General practitioners (GPs) are an integral part of the multidisciplinary team that care for patients with lung cancer. It is essential that patient information including results of tests, management plans, treatment, and follow-up arrangements are communicated between hospital-based carers and the community-based GP. The aim of this study was to explore GPs' views about the information they need from hospital-based health professionals in the management of their patients with lung cancer. This exploration is undertaken within the context of a multidisciplinary model of care, a relatively new concept in service delivery for cancer patients. Data were collected using a questionnaire that was distributed to the population of 433 GPs from one Australian regional Division of General Practice. Questions related to from whom, what, when and how GPs would like to receive information from the multidisciplinary hospital-based lung cancer team.

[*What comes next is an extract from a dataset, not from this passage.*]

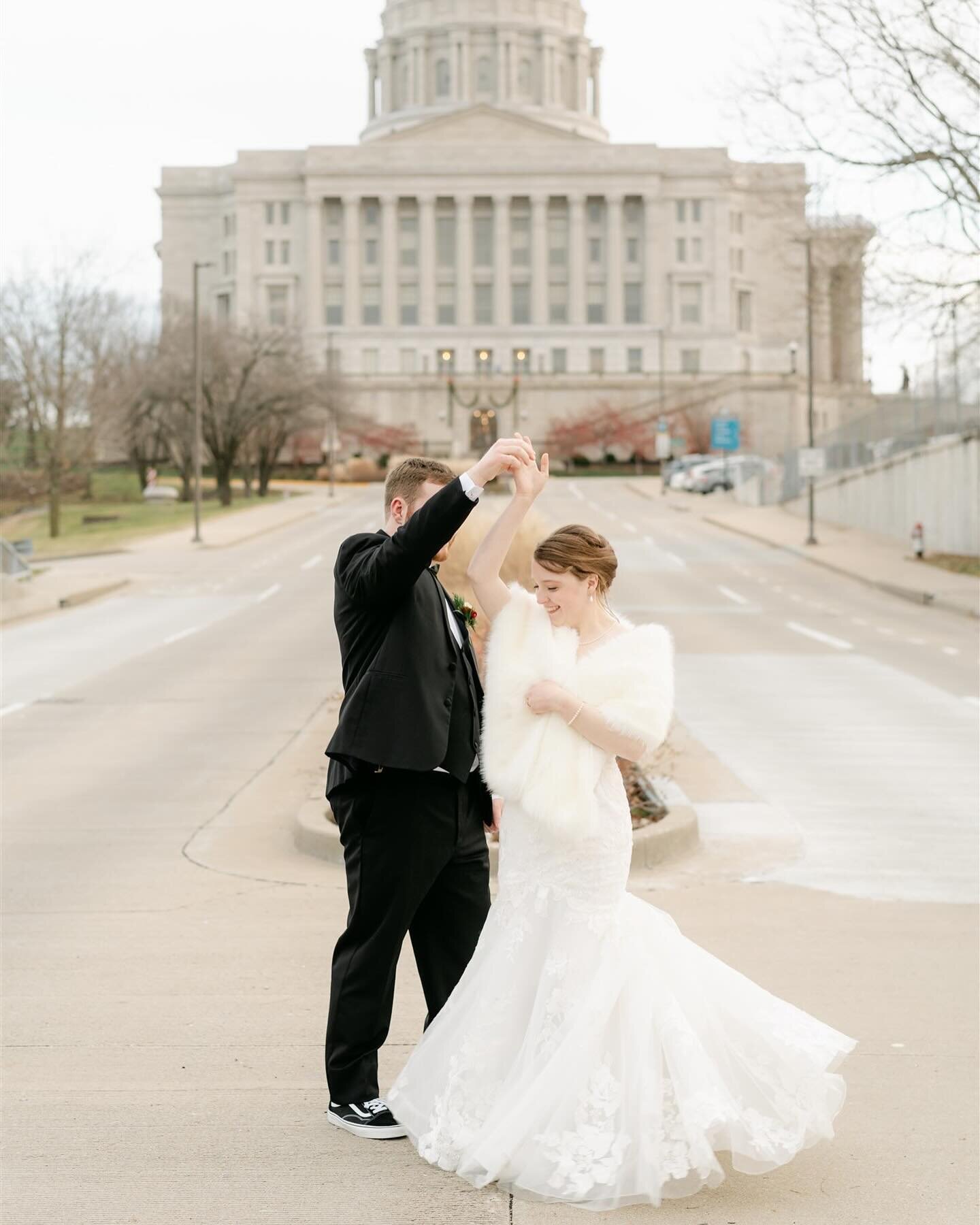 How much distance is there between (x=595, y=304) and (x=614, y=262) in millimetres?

GPs reported that they wanted information from all members of the multidisciplinary hospital-based lung cancer team, not just physicians. The key triggers for communication included: any change in the patient's condition; following initial outpatient visit; at admission and discharge; and following treatment milestones. Both medical and social information were seen as important to GPs and there was strong support to receive information electronically. This study illustrates the desire by GPs to receive information from all members of the hospital-based lung cancer team if it is relevant to the ongoing care of their patient. Technology-enabled solutions, such as an electronic multidisciplinary discharge summary, the electronic health record and the person-controlled electronic health record, offer strategies to improve both timeliness and access to information.